Stored records
○ ○ ○

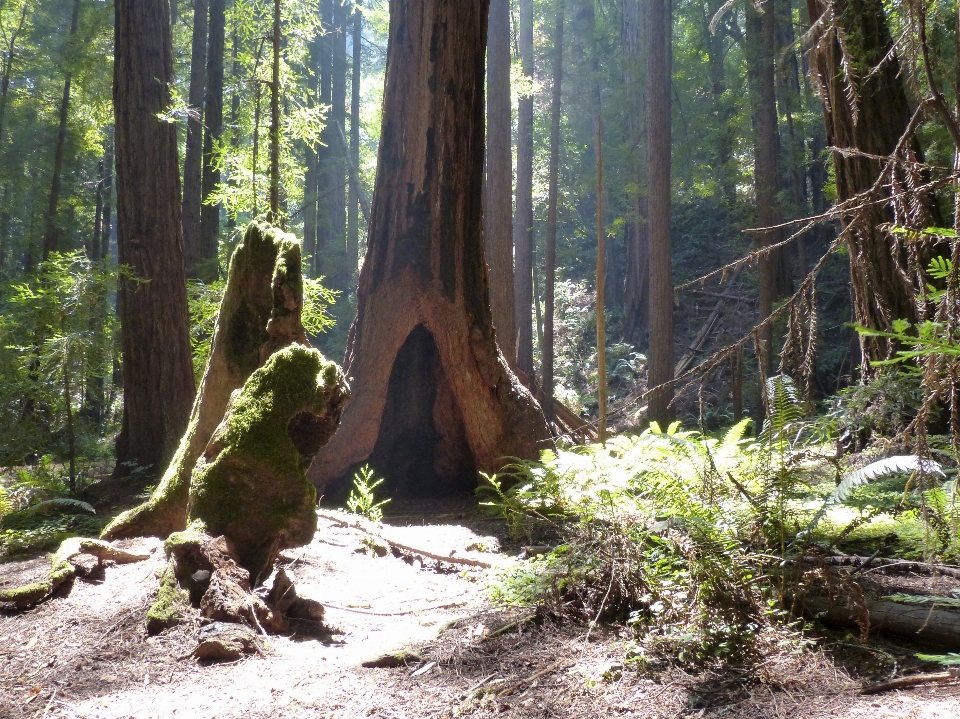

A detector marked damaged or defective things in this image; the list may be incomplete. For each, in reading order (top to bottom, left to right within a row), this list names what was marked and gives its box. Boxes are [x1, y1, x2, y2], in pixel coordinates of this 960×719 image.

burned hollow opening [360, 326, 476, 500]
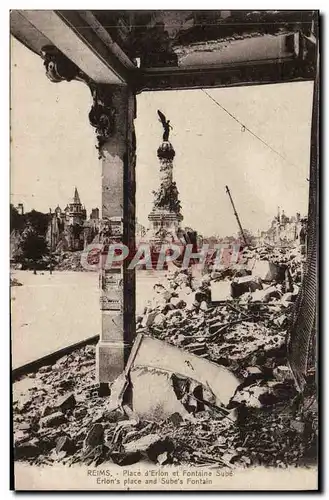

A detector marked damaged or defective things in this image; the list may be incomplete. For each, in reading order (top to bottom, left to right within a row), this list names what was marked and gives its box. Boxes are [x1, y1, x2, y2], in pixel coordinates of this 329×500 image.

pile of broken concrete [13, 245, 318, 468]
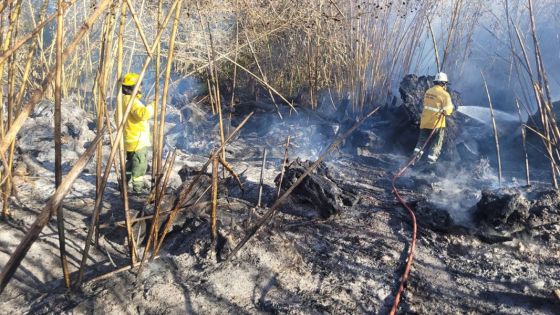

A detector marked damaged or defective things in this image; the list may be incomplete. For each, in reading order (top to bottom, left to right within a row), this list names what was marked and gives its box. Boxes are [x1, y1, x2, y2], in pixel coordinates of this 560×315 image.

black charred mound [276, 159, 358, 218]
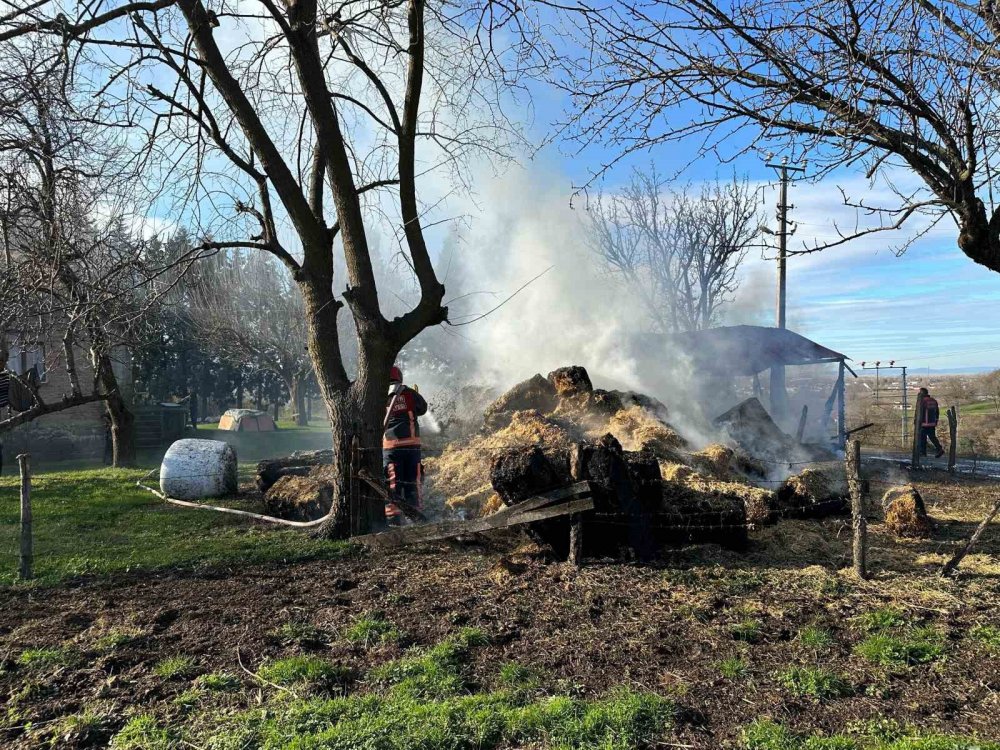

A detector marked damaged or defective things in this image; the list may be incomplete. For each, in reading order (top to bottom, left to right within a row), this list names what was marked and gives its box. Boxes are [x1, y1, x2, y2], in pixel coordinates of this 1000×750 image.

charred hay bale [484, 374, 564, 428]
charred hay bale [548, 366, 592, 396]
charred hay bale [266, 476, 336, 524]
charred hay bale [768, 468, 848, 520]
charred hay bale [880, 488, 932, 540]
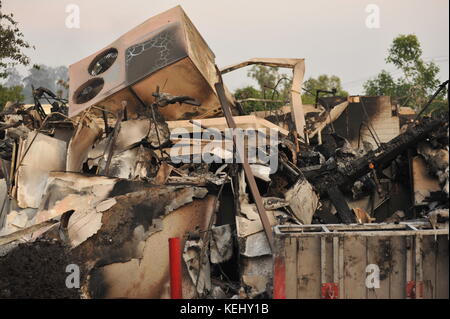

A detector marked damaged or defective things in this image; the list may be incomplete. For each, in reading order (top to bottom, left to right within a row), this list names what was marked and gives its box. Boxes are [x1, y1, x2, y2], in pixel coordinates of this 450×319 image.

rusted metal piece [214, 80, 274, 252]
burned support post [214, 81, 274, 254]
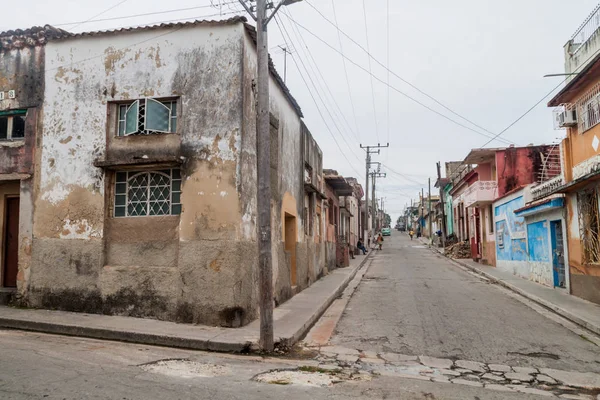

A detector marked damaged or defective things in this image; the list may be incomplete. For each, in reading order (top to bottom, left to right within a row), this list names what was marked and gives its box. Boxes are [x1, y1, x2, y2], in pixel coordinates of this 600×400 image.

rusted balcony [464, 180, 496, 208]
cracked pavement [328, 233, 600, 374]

○ ○ ○

• [Exercise brief]: Only the lines from the one containing "this 560×315 image." through the final line of the records should be retyped, exactly, with every picture omitted.

• [Reply to the task]:
A detector marked damaged or defective things in this image; the list may be incomplete. For each, in reading order (top to bottom, left to right within a row), this list names what was marked and gives its box. Boxes are [x1, y1, x2, y2], in pixel coordinates of this 560×315 image.

black charred mound [276, 159, 358, 218]

A detector marked damaged or defective things in this image; the list may be incomplete. For each, in reading order (top to bottom, left to right within a row), this list names what was marked and gives its box. Boxes are [x1, y1, x2, y2], in pixel coordinates of this 1000×750 image.

charred hay bale [484, 374, 564, 428]
charred hay bale [548, 366, 592, 396]
charred hay bale [266, 476, 336, 524]
charred hay bale [768, 468, 848, 520]
charred hay bale [880, 488, 932, 540]

A detector marked damaged or defective things in this image; the list may be incomplete. For each, in reading order (top to bottom, left to right within a row), this list names what was marked and gives its box. Boxes are [x1, y1, x2, y2], in pixel coordinates of this 450×319 image.

rusted metal piece [214, 80, 274, 252]
burned support post [214, 81, 274, 254]

A detector marked damaged or defective things in this image; the list may be incomplete. For each, in reading order (top to bottom, left to right within a row), this list names what was marked and gives its box. Boxes are [x1, y1, x2, y2], in pixel coordinates of this 600×400 image.

rusted balcony [464, 180, 496, 208]
cracked pavement [328, 233, 600, 374]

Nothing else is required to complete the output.